Notes and Editorial Reviews
For once the cliché is true; the pianist’s pianist recorded in a live tribute.
Rudolf Firkusny (1912-94) was a connoisseur’s pianist, his audiences invariably starred with musical celebrities. In this 1969 recital his playing shows all of his enviable stylistic elegance, fleetness and aristocratic understatement. In Haydn his tempi are exceptionally brisk but though everything is kept smartly on the move nothing sounds rushed, ill-focused or merely streamlined. This is equally true of his Brahms where, once more, there is never a hint of anything portentous or inflated. The end of the opening B minor Intermezzo, with its desolating autumnal swirl, could hardly be more rapt or sensitive. The C major Intermezzo is
truly giocoso and spun off with all of Firkusny’s insouciance and only a fluffed entry to the Second Intermezzo and a momentary loss of concentration at the close of the concluding Rhapsody (Brahms’s heroic farewell to keyboard writing) are the only hints of strain.

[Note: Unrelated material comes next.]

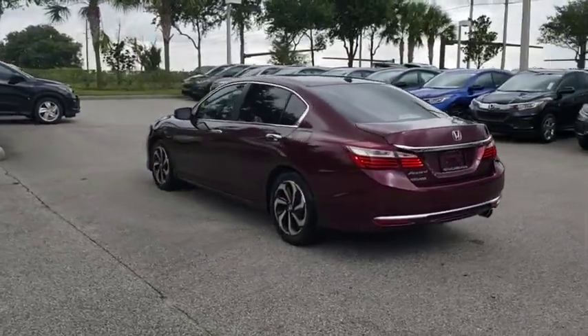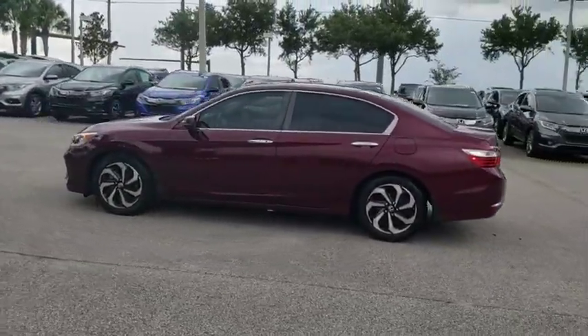This vehicle has less than 40,000 miles. Here are some of this vehicle's great options.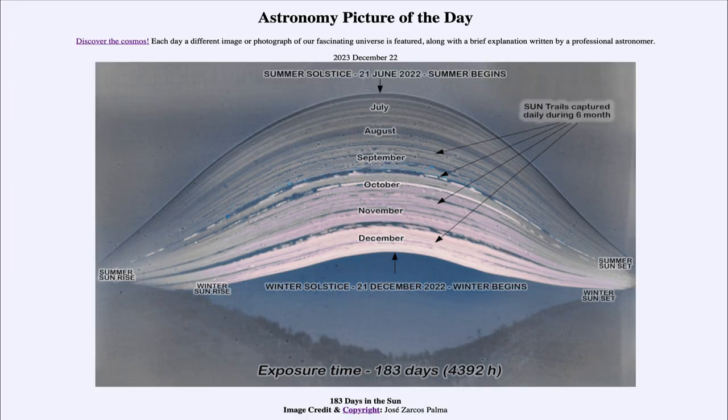So that was our picture of the day for December 22nd of 2023, titled '183 Days in the Sun.' We'll be back again tomorrow for the next picture. Until then, have a great day everyone, and I will see you in class.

Firkusny’s Schubert, too, is of a disarming ease and fluency though here – most notably in the central solace of the Andante – his playing is too evasive to prompt comparison with the Sonata’s greatest interpreters (Schnabel, Kempff, Curzon, Uchida, Annie Fisher, etc). Nonetheless this is a finely presented tribute to a greatly admired pianist who modestly declared: “It’s the learning, the living each day with music and recognising how little you know that keeps you motivated.”